Da klar war, dass wir noch weitere Kinder wollen, musste und wollte ich nach meinem Studium Berufserfahrung in der Wirtschaft sammeln. Die Jobzusage kam prompt. Und ich hatte mit den Arbeitsstunden riesen Glück. Trotzdem musste mit dem Einstieg in den Job meine Tochter fremdbetreut werden. Mit meinem Mann und meiner Mama war es nicht mehr stemmbar und so gab ich sie zu einer Tagesmutter. Drei Vormittag zu je 4 Stunden. Den Rest meiner Arbeitszeit sprach ich mit meinem Mann ab.
Es war schwer für mich. Und wir suchten auch lange. Lange nach der passenden Tagesmutter. Einer Tagesmutter, die mir wohl gesonnen war. Eine, die mir vermittelte, mein Kind nicht wegnehmen zu wollen, im Sinne von „Ich verwöhne dein Kind nicht zu sehr, sondern hier herrschen Regeln. Ich spanne dir deine Tochter nicht aus!“
Eine, bei der ich mir sehr wohl fühlte und mein Kind schließlich auch gerne hingab. Letztendlich machte es mir nichts aus, sie dort abzugeben, obwohl sie sogar anfangs dort sehr weinte. Die Tagesmutter gab mir einfach ein gutes Gefühl.
Bei meinem Sohn ist es nun das Gleiche. Ich gebe ihn ungern aus der Hand, trage ihn liebend gerne bei mir.

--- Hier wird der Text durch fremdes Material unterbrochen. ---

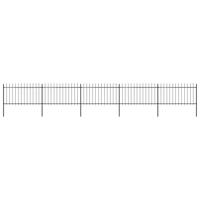 Tuinhek met speren bovenkant 8,5x1 m staal zwart - thumbnail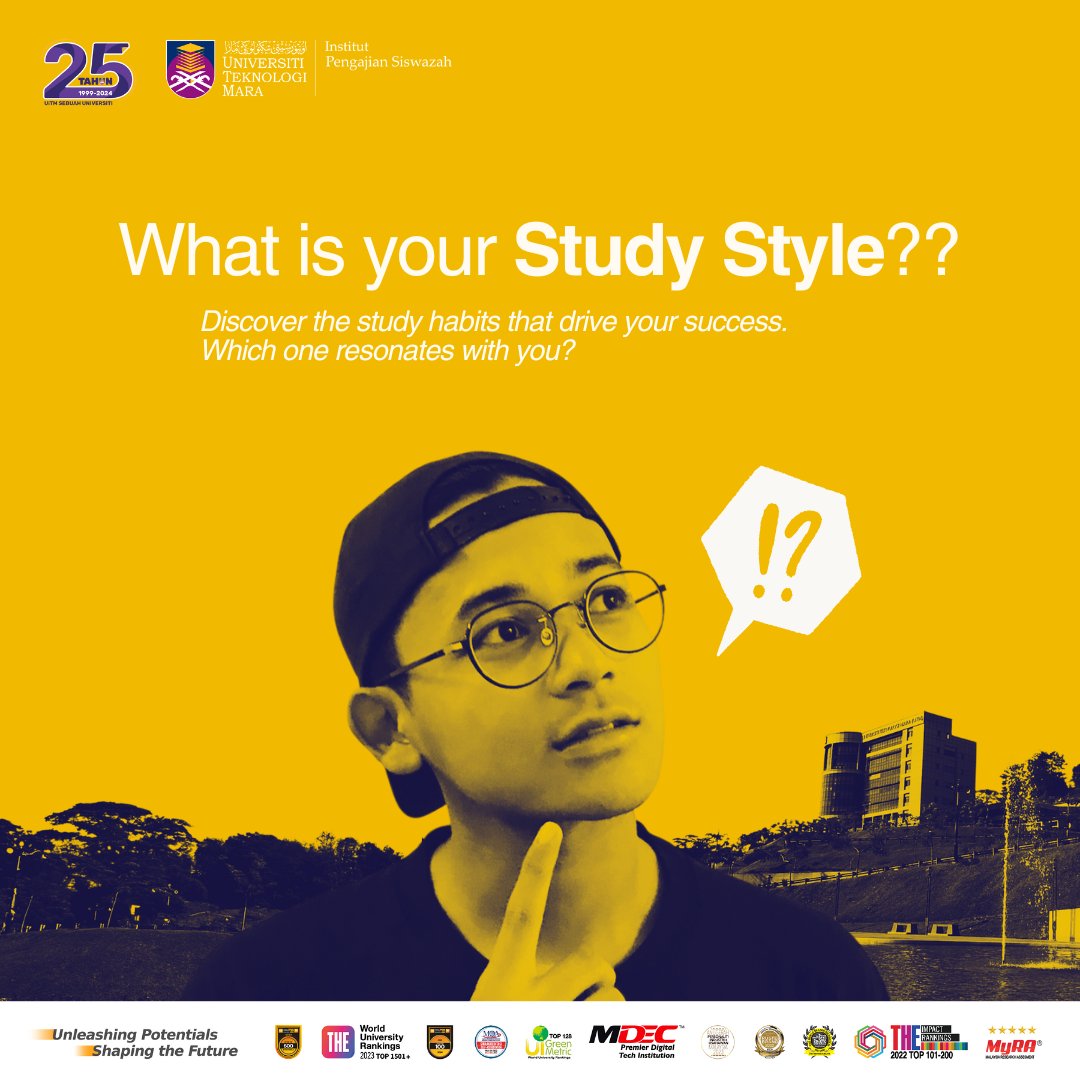 IPSisUiTM's tweet photo. Night Owl, Lone Wolf, Collaborator, or Multitasker, what’s your study style? Discover the habits that help you thrive and let us know which one resonates with you. Find opportunities at https://t.co/YOKI67gdmT #UiTMDiHatiku #UiTM25Tahun #StudyInUiTM #PostGraduate #StudyStyle https://t.co/6g2uz9YLzP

Natürlich ernte ich dadurch strenge Blicke. Ich weiß auch, dass es einige in der Verwandtschaft nicht sehr begeistert, aber so ist es nun mal.
Bei meiner Tochter bin ich nunmehr entspannter. Sie kann sich selbst dazu äußern, ob sie etwas möchte oder nicht. Ob sie im Arm gehalten, angefasst oder gestreichelt werden möchte. Sie kann es zeigen und damit fällt es mir auch viel leichter.
Ihr müsst glücklich sein. Nicht die Anderen
Für mich war es immer schwer, zu sagen: “Gib` mir mal mein Baby zurück!“. Die seltsamen Blicke trafen mich bei meiner Tochter noch. Bei meinem Sohn bin ich nun selbstbewusster und bin einfach als Mutter wie ich bin.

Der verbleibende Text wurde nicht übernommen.